Parcerias na Advocacia: Como Crescer e Escalar com Estratégia
Imagem: Gemini
O poder das parcerias na advocacia: como crescer mais e melhor sem crescer sozinha
Como escolher os parceiros certos, dividir responsabilidades e multiplicar resultados com inteligência e estratégia
Parceria na advocacia não é modismo, é estratégia de crescimento. Em um mercado competitivo, com tantas demandas técnicas, administrativas e comerciais, crescer sozinho pode ser uma escolha cara demais. Saber fazer boas parcerias é uma habilidade que diferencia o advogado que apenas sobrevive daquele que prospera com inteligência.
E se você pensa que “parceria” é só sociedade formal, prepare-se: neste artigo, vamos explorar outras formas de colaboração que podem transformar sua atuação, seu posicionamento e seu faturamento, com riscos menores e mais controle.
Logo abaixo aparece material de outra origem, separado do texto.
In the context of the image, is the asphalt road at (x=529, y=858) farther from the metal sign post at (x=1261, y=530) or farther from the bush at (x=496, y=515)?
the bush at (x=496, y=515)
O que é uma parceria estratégica na advocacia?
Parcerias são alianças pensadas para gerar crescimento mútuo. Diferente de sociedade (que envolve CNPJ, contratos, divisão de lucros e riscos), parcerias podem ser operacionais, comerciais ou até de marketing.
Exemplos práticos:
Um previdenciarista que firma parceria com um civilista para atender demandas que não domina.
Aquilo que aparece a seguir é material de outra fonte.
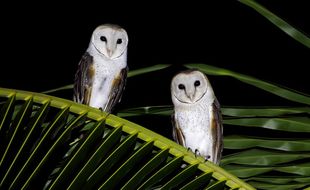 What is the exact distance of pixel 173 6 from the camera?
5699 millimetres

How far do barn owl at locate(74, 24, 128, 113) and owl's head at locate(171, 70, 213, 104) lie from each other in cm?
32

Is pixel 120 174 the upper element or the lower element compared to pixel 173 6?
lower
Uma advogada autônoma que compartilha um espaço físico com outro profissional para dividir custos.
Escritórios que produzem conteúdo em conjunto para ampliar alcance nas redes sociais.
Vantagens reais de boas parcerias:
Você pode ampliar seus serviços sem precisar saber tudo.
Indicações viram rotina, e o cliente sente segurança no atendimento completo.
Reduz custos fixos e ganha escala mais rápido.
Pode se dedicar mais ao seu nicho ou à gestão, com menos sobrecarga.
Mas atenção: nem toda parceria é saudável
Antes de firmar qualquer parceria, use papel e caneta para responder:
· Essa parceria resolve um problema real do meu escritório?
· Os valores dessa pessoa ou escritório são compatíveis com os meus?
· Está claro o que cada um entrega, ganha e espera?
· Existe confiança mútua e profissionalismo?
Dica prática: crie um “canvas da parceria”. Um quadro simples com: propósito, funções, entregas, ganhos, forma de comunicação, gestão de conflitos. Quanto mais claro, mais saudável será a relação.
Parceria não é dependência
Uma boa parceria fortalece sua autonomia. Ela permite que você cresça com leveza, respeitando seus limites e mantendo foco na sua especialidade. É diferente de terceirizar tudo ou fugir da responsabilidade da gestão.
Na minha trilogia publicada pela Editora Juruá, falo muito sobre isso, especialmente no Volume 3, quando abordo liderança, relacionamento e expansão com coerência. Parceria faz parte de uma advocacia madura, sustentável e estratégica.
Se você quer deixar de ser uma “ilheira jurídica” e construir uma advocacia com bases sólidas e rede de apoio confiável, está na hora de repensar como se conecta com outros profissionais.